COMMISSIONER'S DECISION
Section 2: Elevator Call Assignments
The application and claims are directed to a combination of elements that
form an elevator apparatus and are acceptable under S2. Refection withdrawn.
This decision deals with Applicant's request for review by the Commissioner
of Patents of the Final Action on application 362,377 (Class 364-4) filed
October 15, 1980, assigned to Otis Elevator Co. entitled RELATIVE SYSTEM
RESPONSE ELEVATORCALL ASSIGNMENTS. The inventor is Joseph Bittar. The
Examiner in charge issued a Final Action on October 27, 1983 refusing to
allow the application. In view of information that has become available
subsequent to the Final Action, the Patent Appeal Board believes a review
of the evidence on file permits a sufficient assessment of the merits of
the application without conducting a Hearing. The Board recognizes that
Applicant's right to a Hearing has not been waived.
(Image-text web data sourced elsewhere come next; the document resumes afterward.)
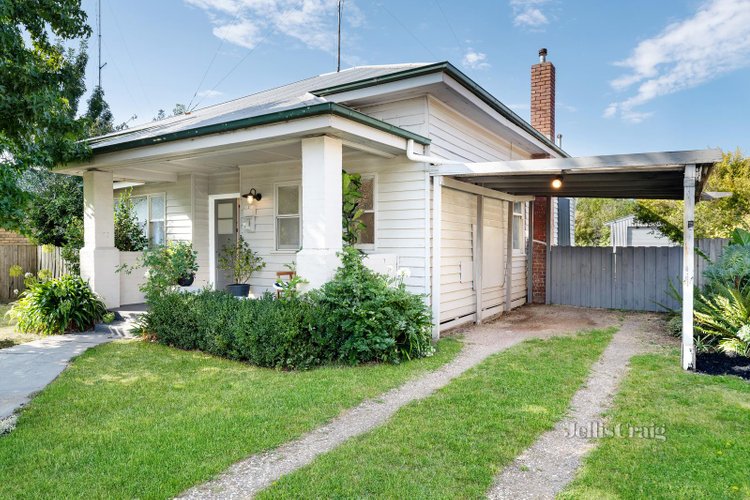 3 Winter Street Redan 3350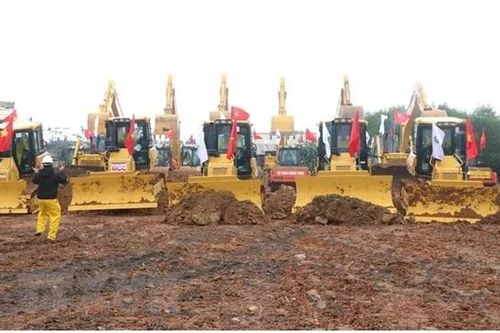 Hoạt động giải phóng mặt bằng phục vụ Dự án Cao tốc Vạn Ninh-Cam Lộ diễn ra chậm
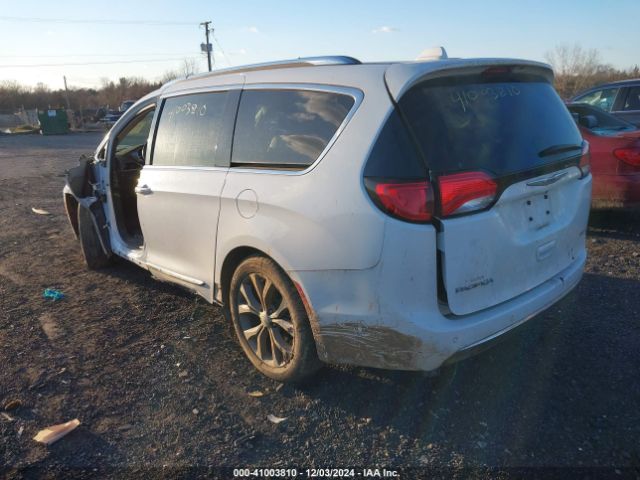 Photo 2 VIN: 2C4RC1GG8KR506188 - CHRYSLER PACIFICA 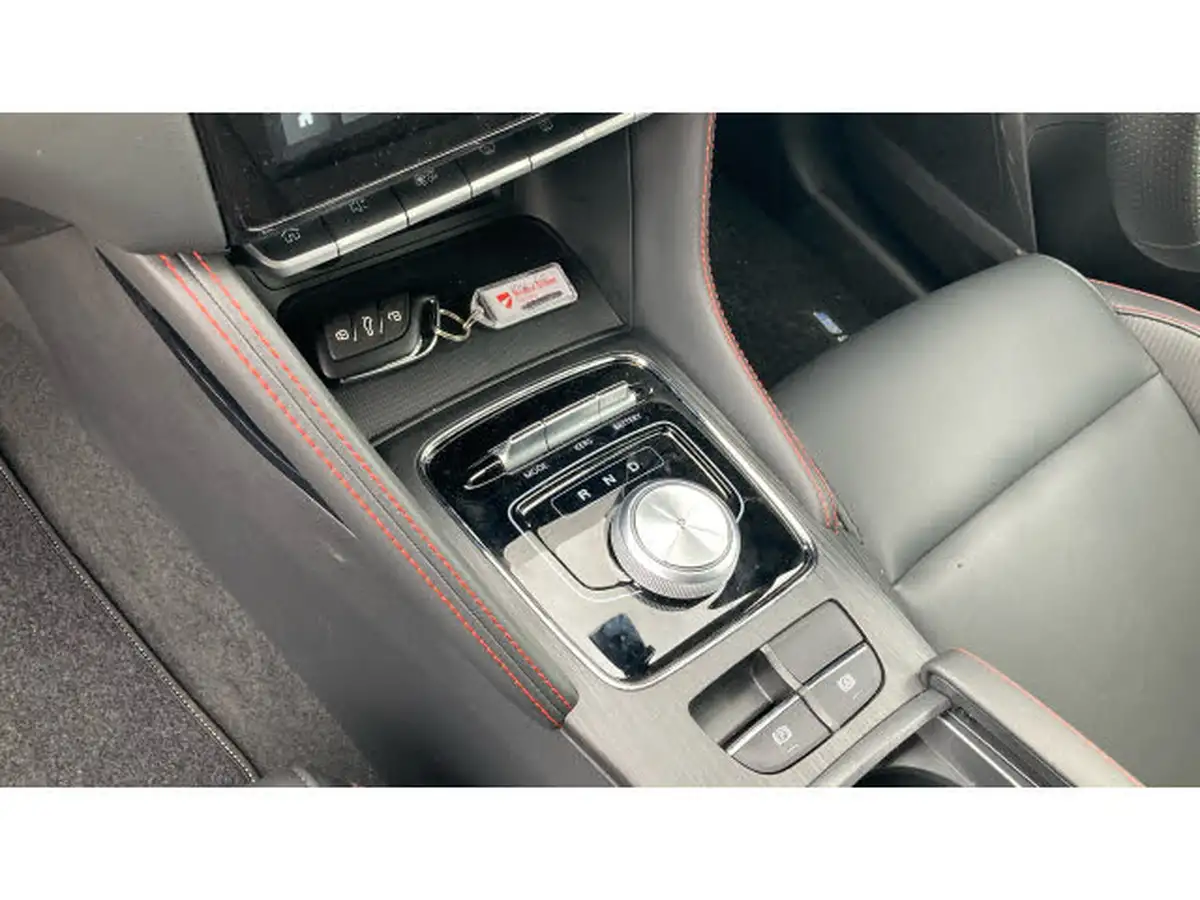 2025-mg-zs-suv-e-trophy-connect-ev-176ps-big-12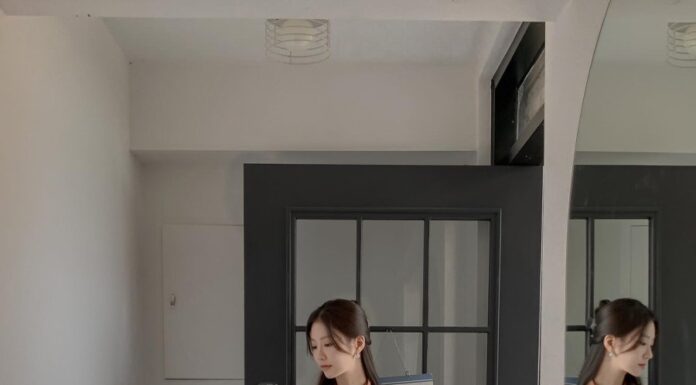 The Ultimate Guide to Timeless Minimalist Fashion: 5 Wardrobe Staples That Always Look Good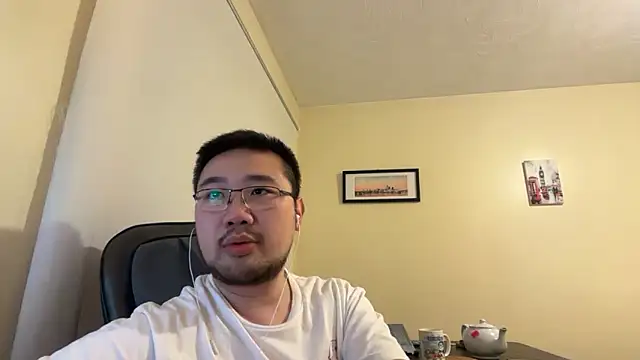 jasonryu2025 online show from April 2026 08:00:02 PM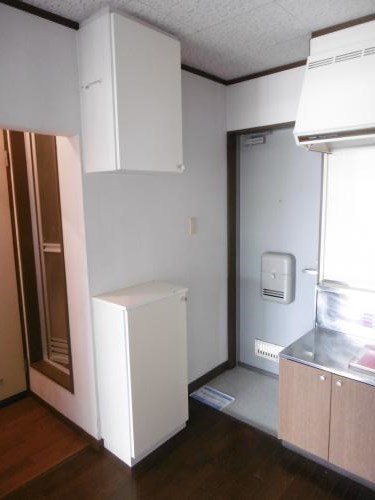 ヒルサイドメゾンA棟  玄関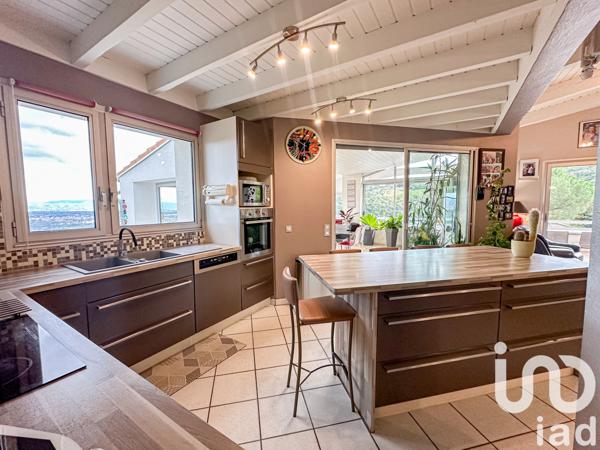 Maison à vendre 9 pièces 220 m² Cornas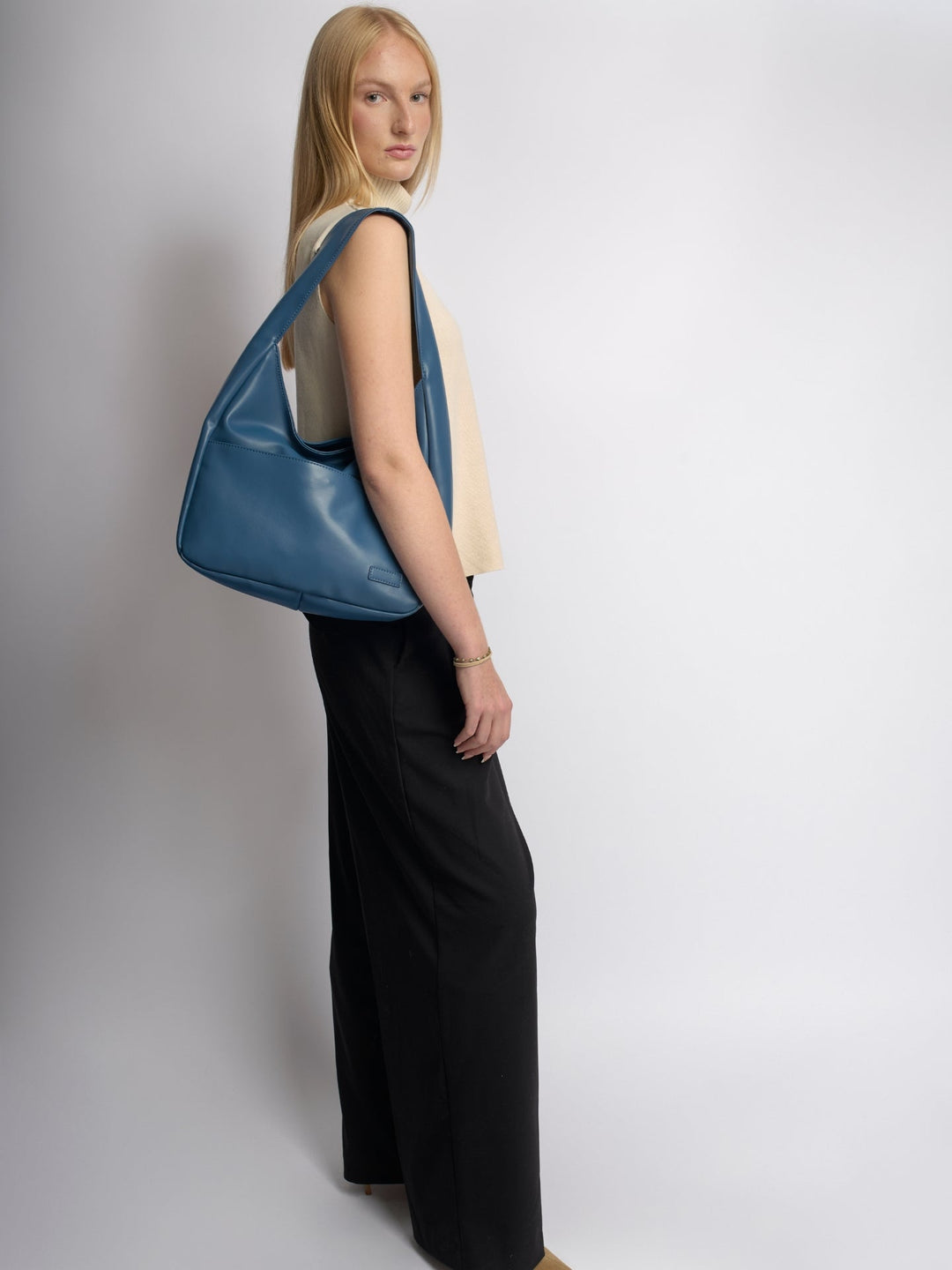 Minimalistisch vegan leer hobo schoudertas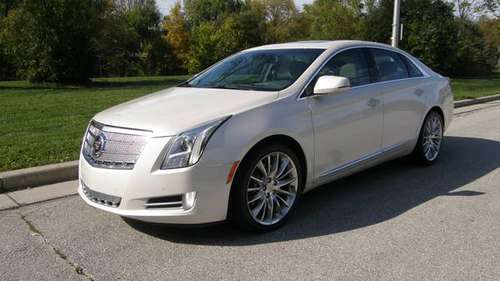 2013 Cadillac XTS Platinum AWD 55000 Miles 20"Alloy Wheels Hard Loaded for sale in West Allis/Milwaukee, WI
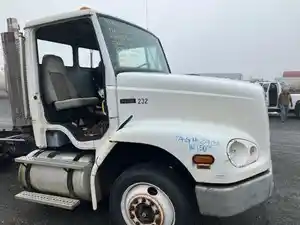 Used 1996 FREIGHTLINER FL112 Hood (Stock #29138)) Part Image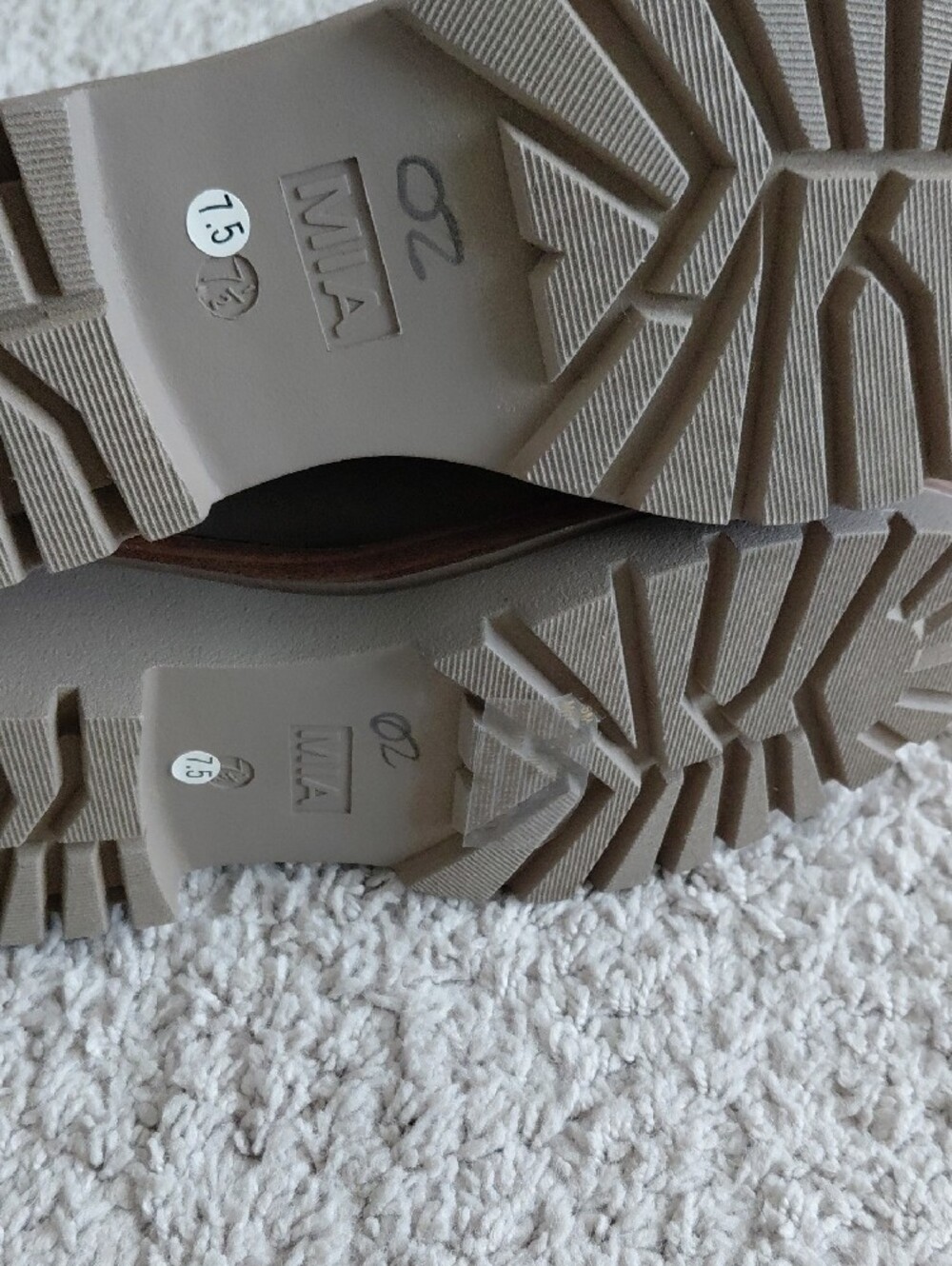 MIA Soraya Chelsea Boots - Picture 6 of 6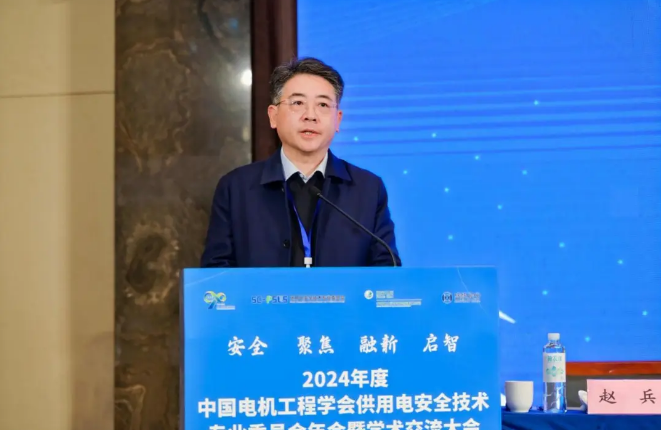 1748596316146956.png 24-25011GF505418.png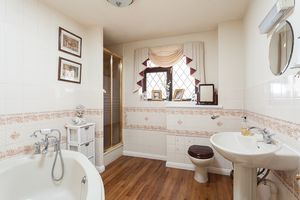 Master Bedroom en-suite- click for photo gallery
The application relates to an elevator system servicing a plurality of
floors in a building, shown in figure 1 reproduced below, a simplified
illustration of the components implementing the elevator functions.
(see formula I)
The Group controller 17 for multi-car operations receives the up and down
calls from each floor landing 18 and assigns cars according to various
strategies using the controller and the panel 21 and the responses from the
car controllers 16 which in turn communicate with the cab controllers 34.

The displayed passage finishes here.